• [TASK TO CARRY OUT]: Give back each entry verbatim.

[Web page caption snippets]
● ● ● ●
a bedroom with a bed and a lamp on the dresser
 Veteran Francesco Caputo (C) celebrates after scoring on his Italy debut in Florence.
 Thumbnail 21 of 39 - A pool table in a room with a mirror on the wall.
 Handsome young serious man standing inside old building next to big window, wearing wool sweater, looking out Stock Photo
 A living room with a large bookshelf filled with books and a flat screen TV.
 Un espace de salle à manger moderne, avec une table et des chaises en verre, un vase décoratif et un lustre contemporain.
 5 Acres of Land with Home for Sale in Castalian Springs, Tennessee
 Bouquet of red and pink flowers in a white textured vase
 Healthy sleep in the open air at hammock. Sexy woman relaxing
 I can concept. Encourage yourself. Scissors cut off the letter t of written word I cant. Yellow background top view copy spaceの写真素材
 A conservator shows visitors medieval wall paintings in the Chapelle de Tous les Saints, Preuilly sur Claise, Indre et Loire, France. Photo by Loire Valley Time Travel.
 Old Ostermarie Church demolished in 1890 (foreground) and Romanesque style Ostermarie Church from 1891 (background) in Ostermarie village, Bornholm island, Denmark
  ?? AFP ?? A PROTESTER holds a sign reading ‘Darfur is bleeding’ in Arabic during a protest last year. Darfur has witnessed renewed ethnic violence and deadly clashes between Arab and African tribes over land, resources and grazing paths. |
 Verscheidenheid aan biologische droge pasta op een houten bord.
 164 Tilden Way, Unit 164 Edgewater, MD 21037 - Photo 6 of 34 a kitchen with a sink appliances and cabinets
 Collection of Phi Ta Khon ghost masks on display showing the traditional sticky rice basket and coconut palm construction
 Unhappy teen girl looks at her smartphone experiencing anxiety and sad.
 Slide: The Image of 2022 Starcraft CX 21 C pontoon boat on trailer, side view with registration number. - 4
● ● ● ●
• [EXERCISE OUTPUT]:
a bedroom with a bed and a lamp on the dresser
 Veteran Francesco Caputo (C) celebrates after scoring on his Italy debut in Florence.
 Thumbnail 21 of 39 - A pool table in a room with a mirror on the wall.
 Handsome young serious man standing inside old building next to big window, wearing wool sweater, looking out Stock Photo
 A living room with a large bookshelf filled with books and a flat screen TV.
 Un espace de salle à manger moderne, avec une table et des chaises en verre, un vase décoratif et un lustre contemporain.
 5 Acres of Land with Home for Sale in Castalian Springs, Tennessee
 Bouquet of red and pink flowers in a white textured vase
 Healthy sleep in the open air at hammock. Sexy woman relaxing
 I can concept. Encourage yourself. Scissors cut off the letter t of written word I cant. Yellow background top view copy spaceの写真素材
 A conservator shows visitors medieval wall paintings in the Chapelle de Tous les Saints, Preuilly sur Claise, Indre et Loire, France. Photo by Loire Valley Time Travel.
 Old Ostermarie Church demolished in 1890 (foreground) and Romanesque style Ostermarie Church from 1891 (background) in Ostermarie village, Bornholm island, Denmark
  ?? AFP ?? A PROTESTER holds a sign reading ‘Darfur is bleeding’ in Arabic during a protest last year. Darfur has witnessed renewed ethnic violence and deadly clashes between Arab and African tribes over land, resources and grazing paths. |
 Verscheidenheid aan biologische droge pasta op een houten bord.
 164 Tilden Way, Unit 164 Edgewater, MD 21037 - Photo 6 of 34 a kitchen with a sink appliances and cabinets
 Collection of Phi Ta Khon ghost masks on display showing the traditional sticky rice basket and coconut palm construction
 Unhappy teen girl looks at her smartphone experiencing anxiety and sad.
 Slide: The Image of 2022 Starcraft CX 21 C pontoon boat on trailer, side view with registration number. - 4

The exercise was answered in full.